* What you will do *
Please output only the lines that begin at the line with "[스토커] 노출 하나 없이도 몹시 야하고 야릇한 장면.avi | 인스티즈" and run through the end of the entries below, exactly as written. Drop all pictures.

* Exercise data *
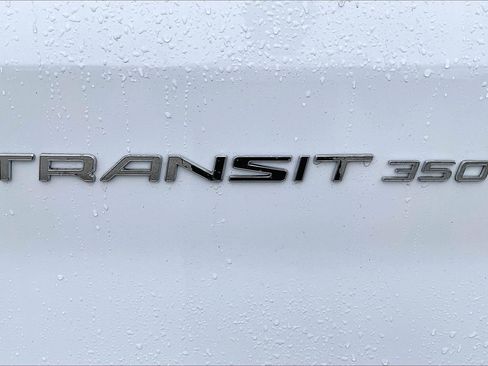 Used 2023 Ford Transit 350 XLT image 32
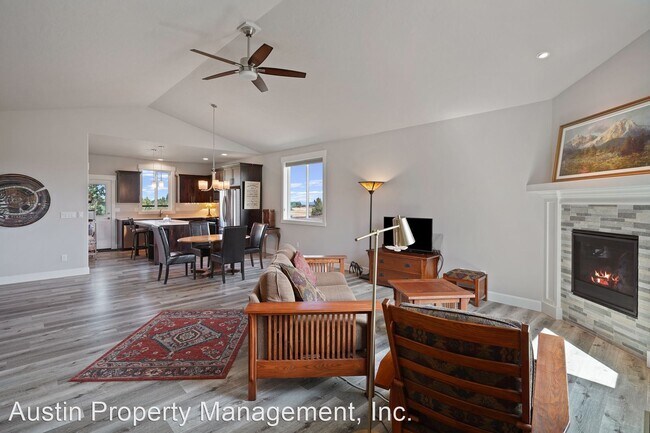 Building Photo - 3 br, 2 bath House - 21286 Darnel Ave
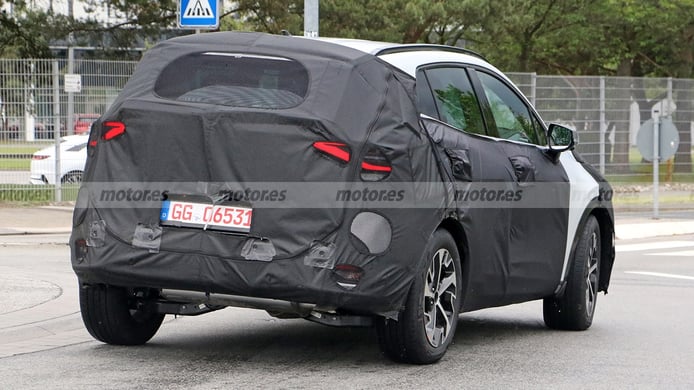 KIA Sportage 2022 - foto espía posterior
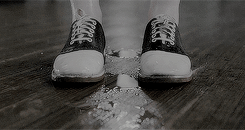 [스토커] 노출 하나 없이도 몹시 야하고 야릇한 장면.avi | 인스티즈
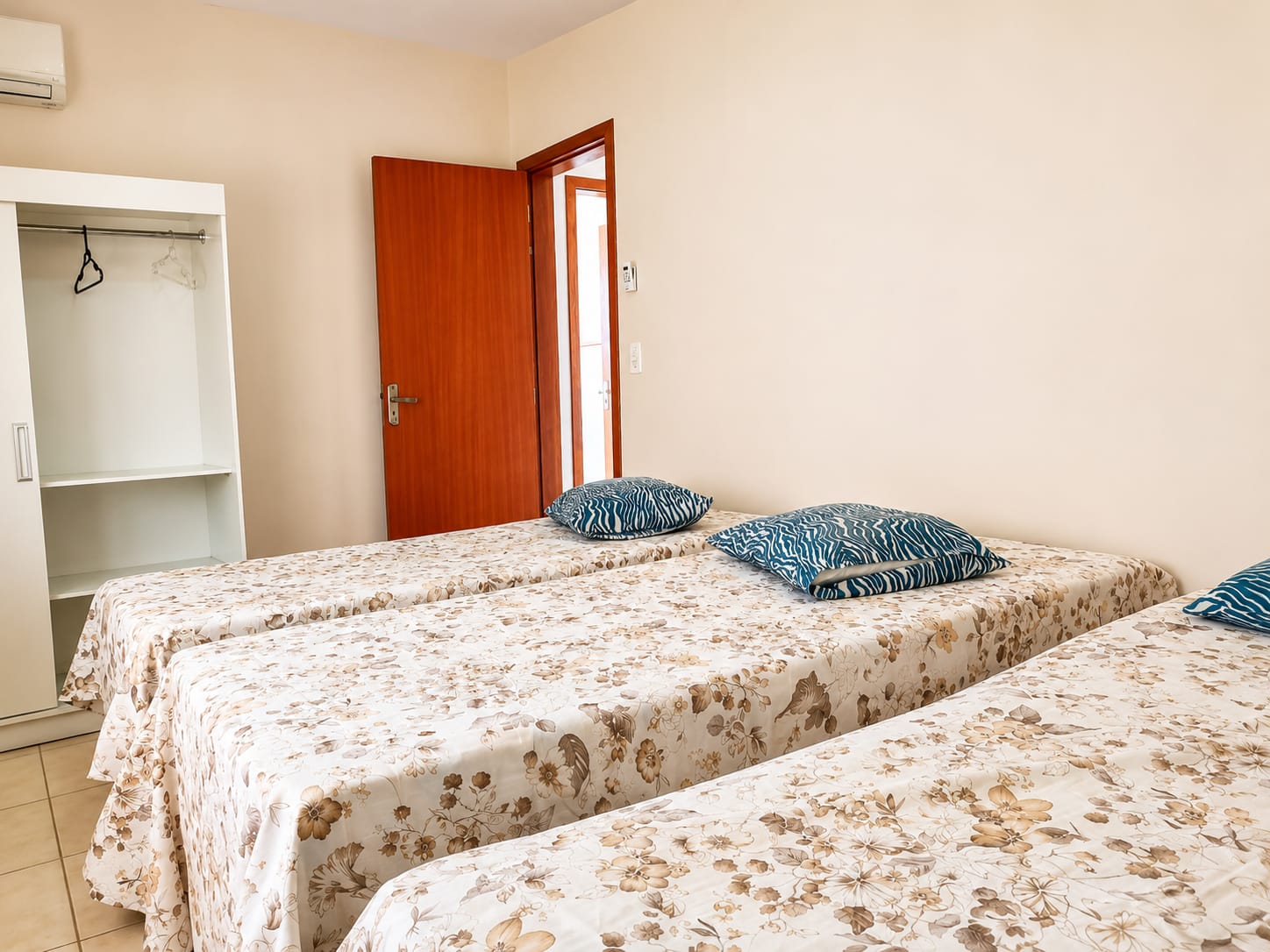 Quarto com camas de solteiro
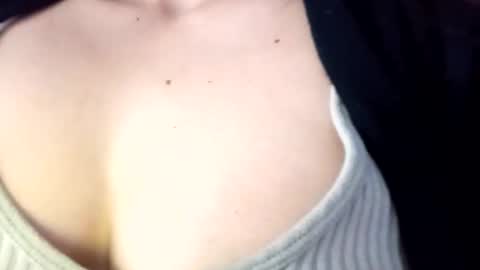 nancyybonita online show from March 4, 12:05 am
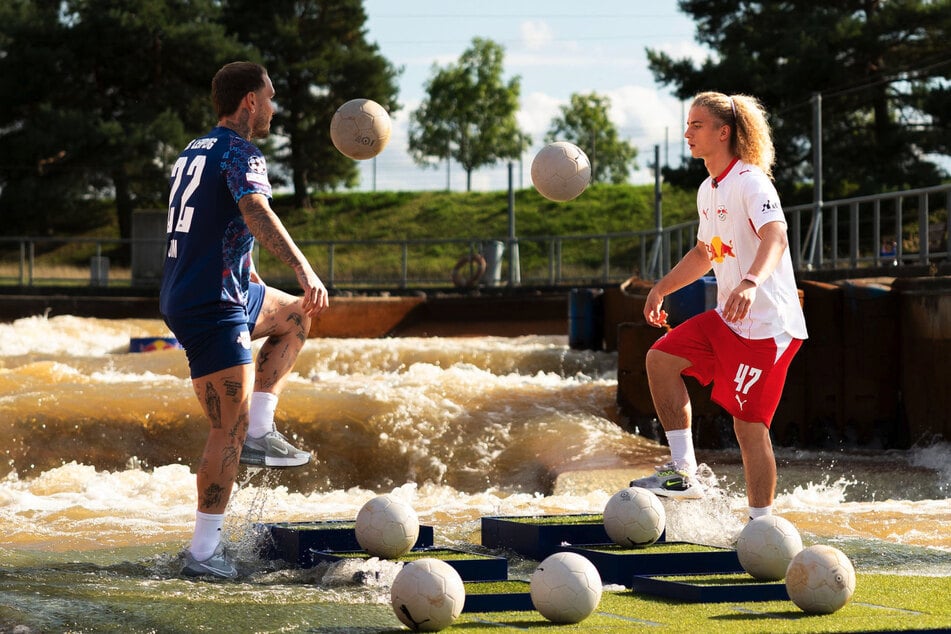 Bei einigen Challenges kommt das Wasser so schnell, dass es schwierig wird, den Ball zu kicken.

* Exercise response *
 [스토커] 노출 하나 없이도 몹시 야하고 야릇한 장면.avi | 인스티즈
 Quarto com camas de solteiro
 nancyybonita online show from March 4, 12:05 am
 Bei einigen Challenges kommt das Wasser so schnell, dass es schwierig wird, den Ball zu kicken.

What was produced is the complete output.